Working data Block Start
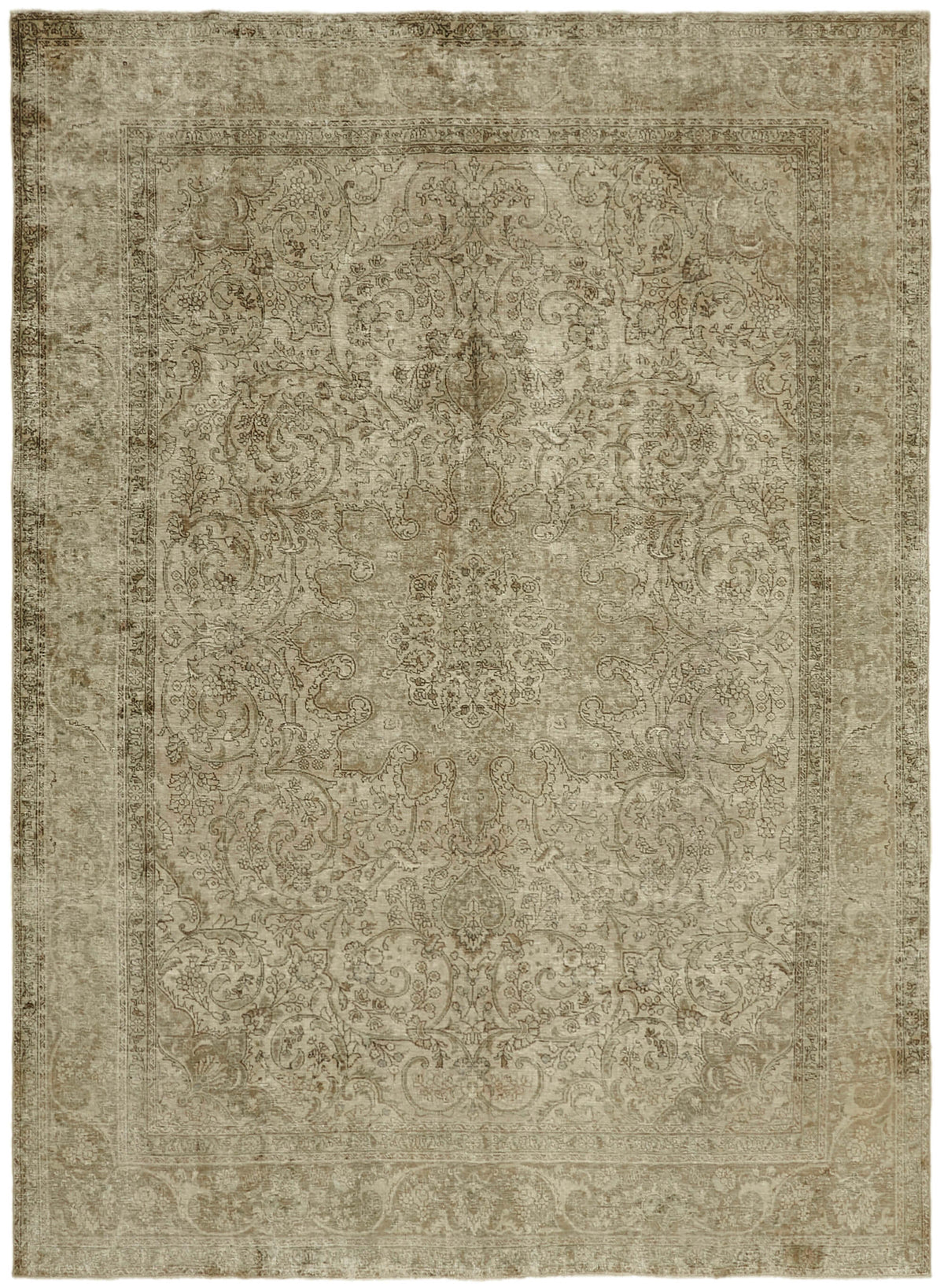Rusvo Bej Rengi Halı Klasik Çiçek Desenli Vintage 285x382 cm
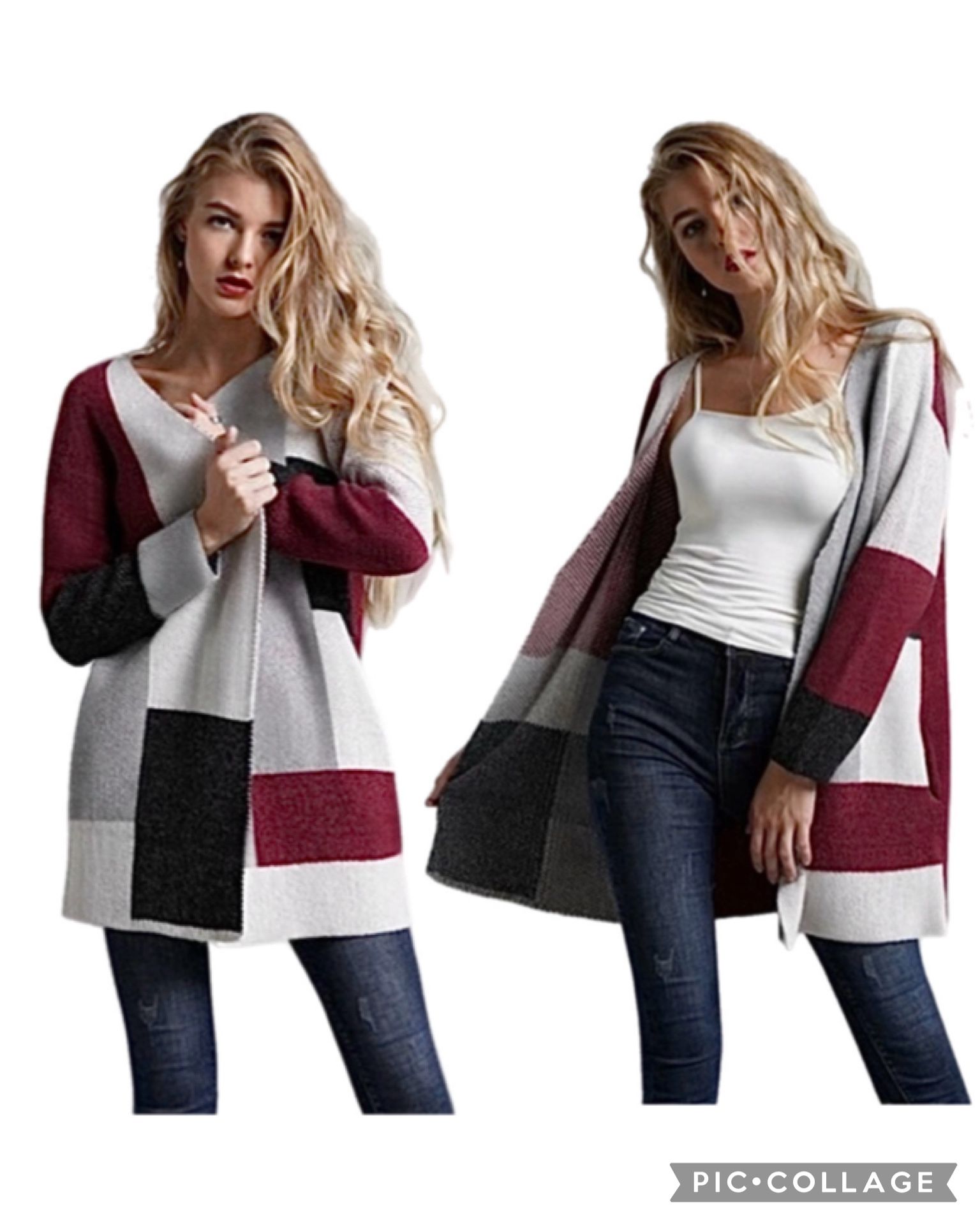 Colorblock Long Sleeve Knit Cardigan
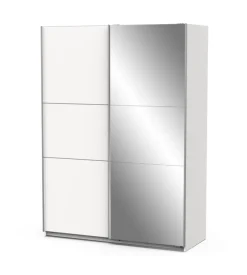 Armadio 2 ante scorrevoli "ghost" con specchio bianco 148x59,9x203 cm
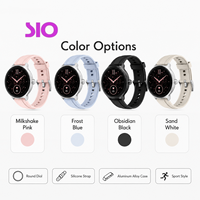 Montre connectée ronde 36/40 mm en alliage d'aluminium, appels, moniteur de fréquence cardiaque et de sommeil, compatible iOS, vente en gros, rose et bleu
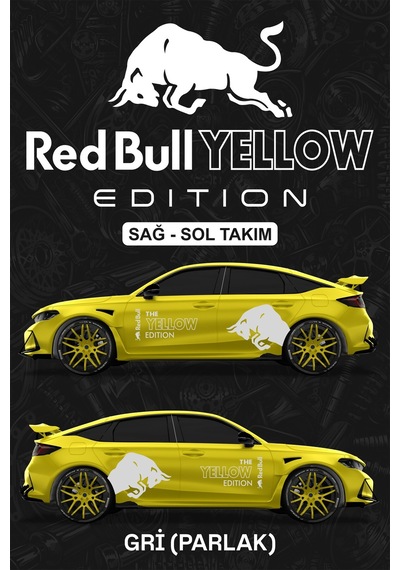 Red Bull Yellow Edıtıon Sticker - Yan Gövde Kaplama Seti Gri Parlak - 814881671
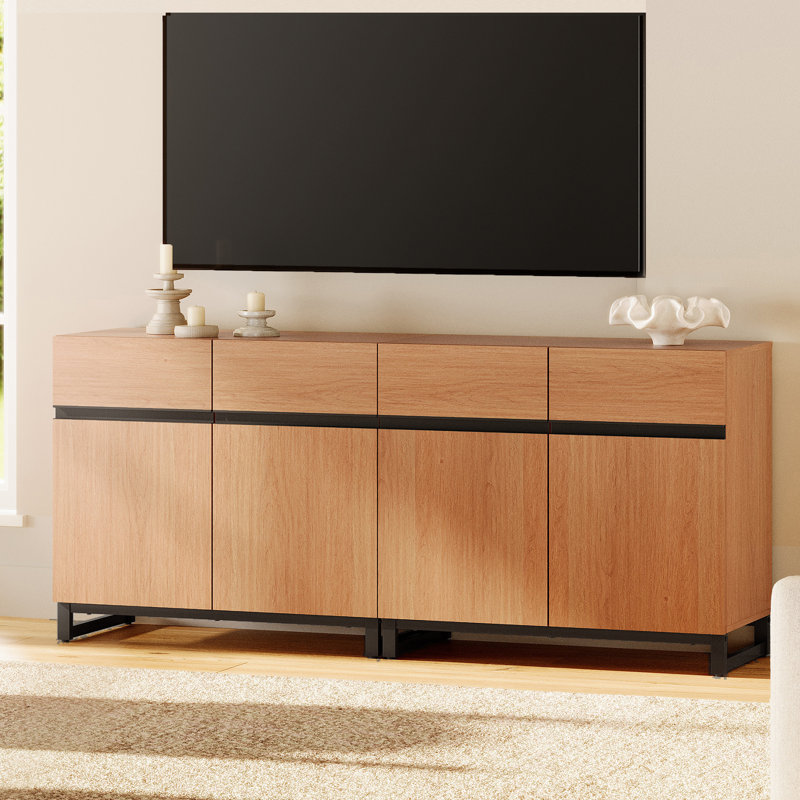 Aadam 63'' W Storage Credenza, 30.6"H x 63"L x 15.6"W, Mocha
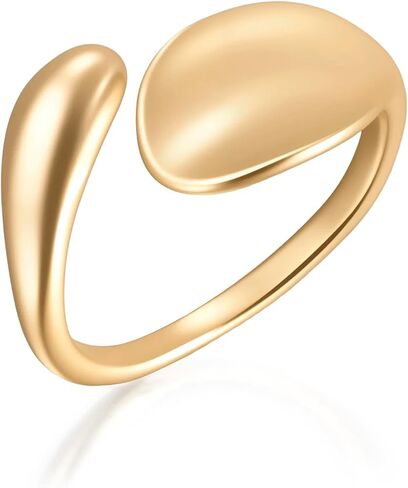 14K Gold Plated Matte Spoon Adjustable Ring for Women Unique Minimalist Open Ring Jewelry for Gift in Kuwait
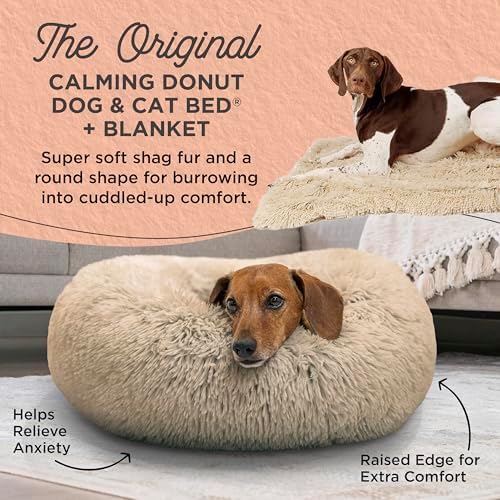 Best Friends by Sheri Calming Donut Dog Bed, Small, Taupe, 23"x23"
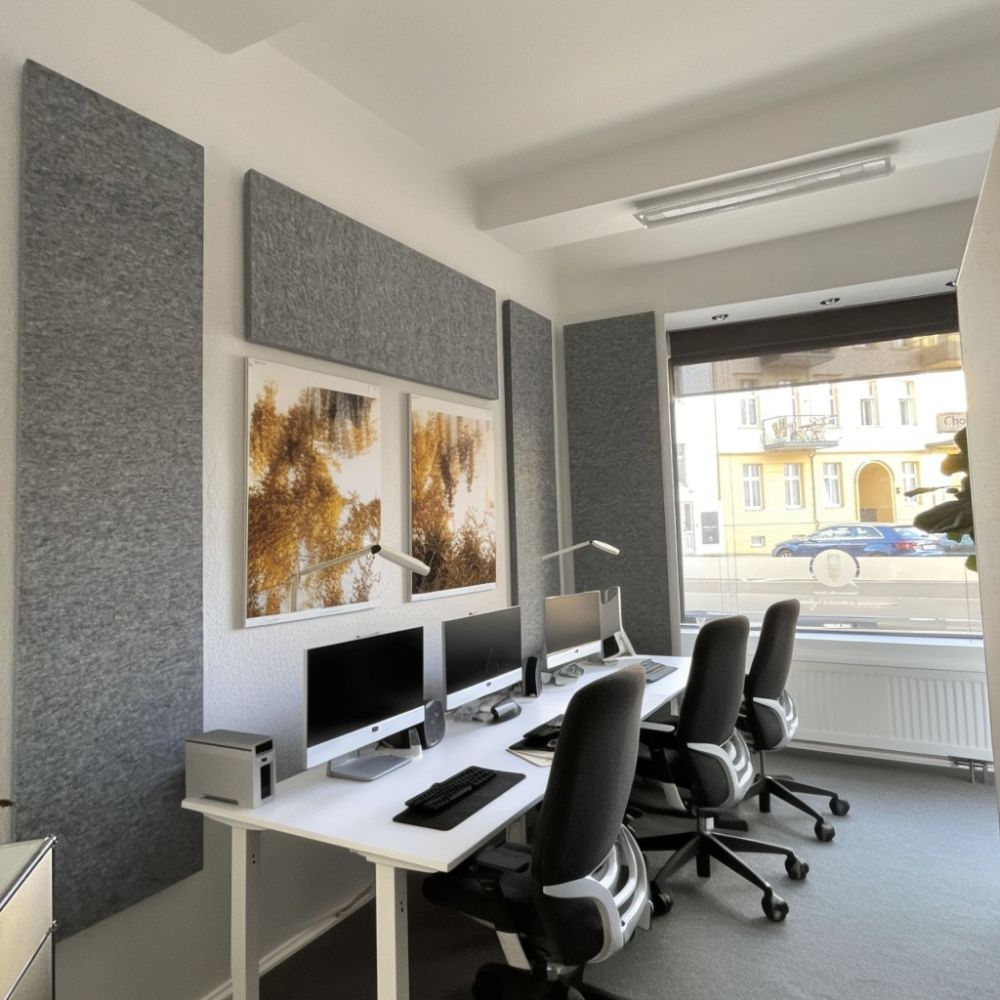 Artikelbild QP Schallabsorber PAD PET Raumakustik Nachhallreduzierung 50mm 2500g/m² grau 620x625mm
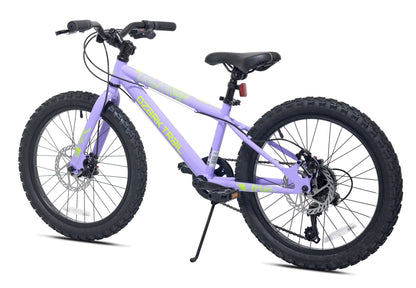 20" Ozark Trail Vibe Mountain Bicycle, 7 Speed, Fits Rider 3'11"-4'4", Purple, Teen, Unisex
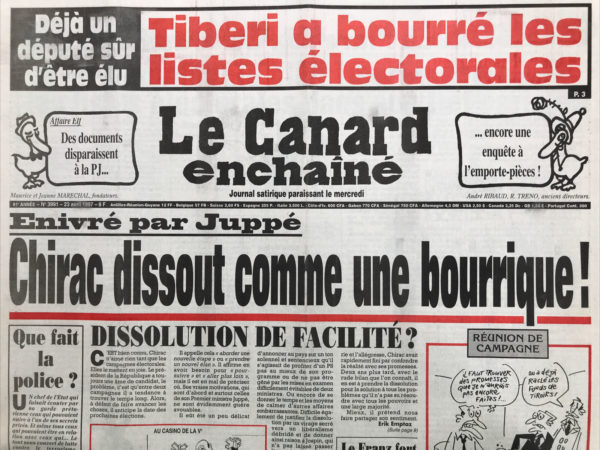 N° 3991 du Canard Enchaîné -  23 Avril 1997
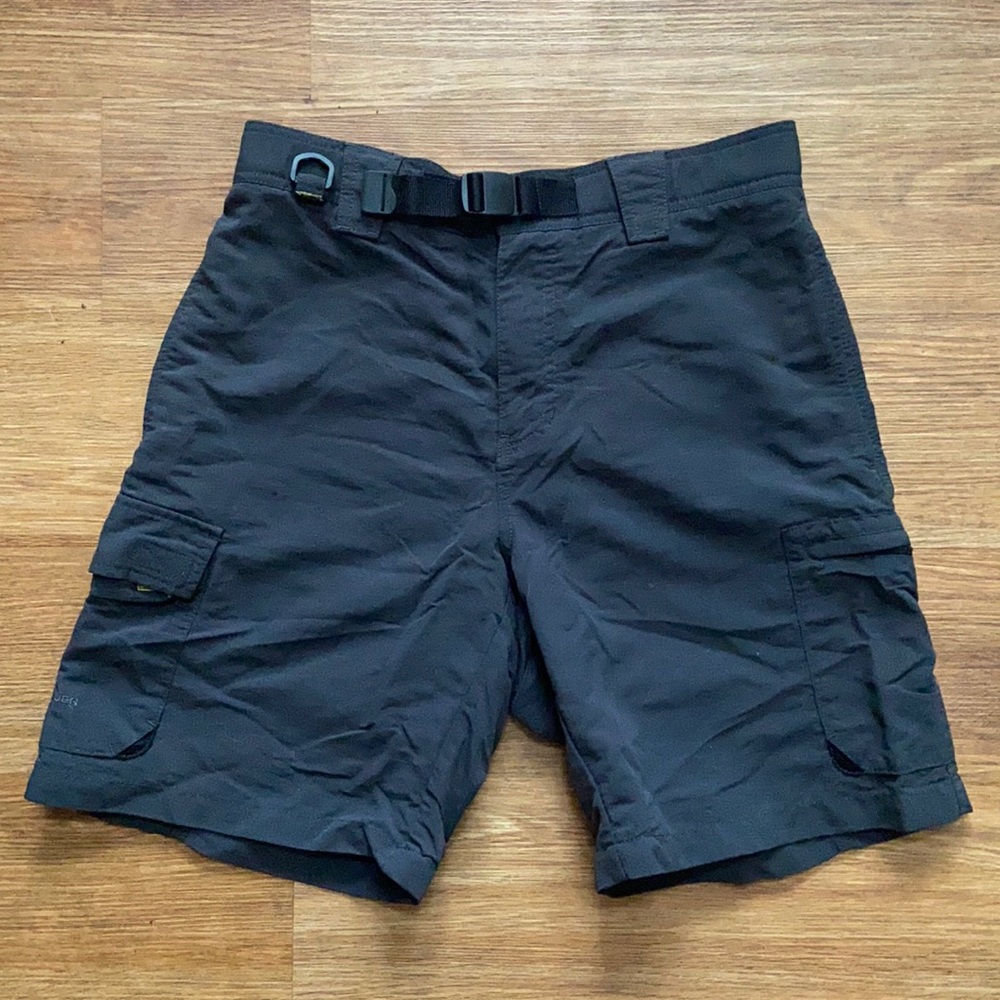 Eddie Bauer Men's Sport Belted Nylon Khaki Outdoor Cargo Shorts Size 30 Gray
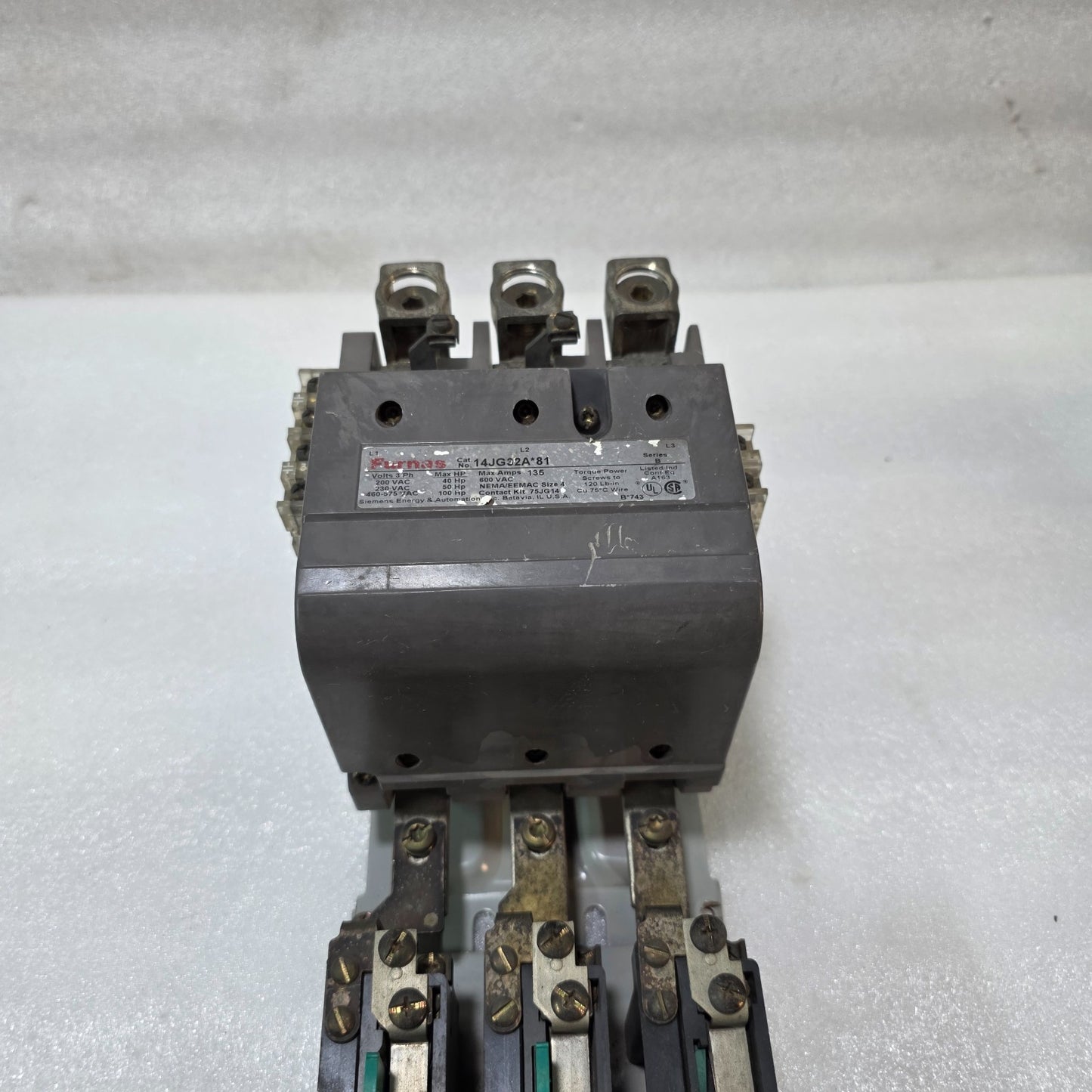 FURNAS 14JG32A-81 SER B MOTOR STARTER 135A 190-240V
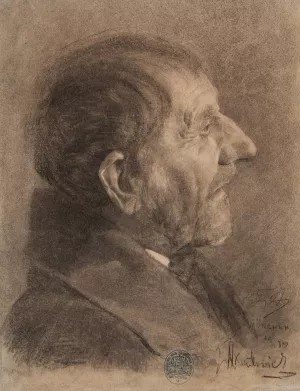 Head of an elderly man Oil painting by Teodor Axentowicz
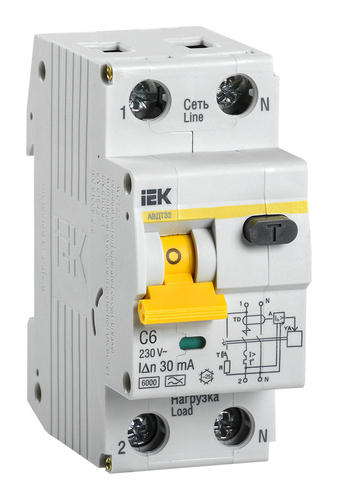 Дифавтомат IEK АВДТ 32 1P+N 6А (C) 6 кА, 30 мА (A), MAD22-5-006-C-30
Working data Block End
- About this exercise -
Above are some records; extract exactly the lines from the one containing "Artikelbild QP Schallabsorber" through the one containing "Eddie Bauer Men's" and drop the pictures.

- Solution to this task -
 Artikelbild QP Schallabsorber PAD PET Raumakustik Nachhallreduzierung 50mm 2500g/m² grau 620x625mm
 20" Ozark Trail Vibe Mountain Bicycle, 7 Speed, Fits Rider 3'11"-4'4", Purple, Teen, Unisex
 N° 3991 du Canard Enchaîné -  23 Avril 1997
 Eddie Bauer Men's Sport Belted Nylon Khaki Outdoor Cargo Shorts Size 30 Gray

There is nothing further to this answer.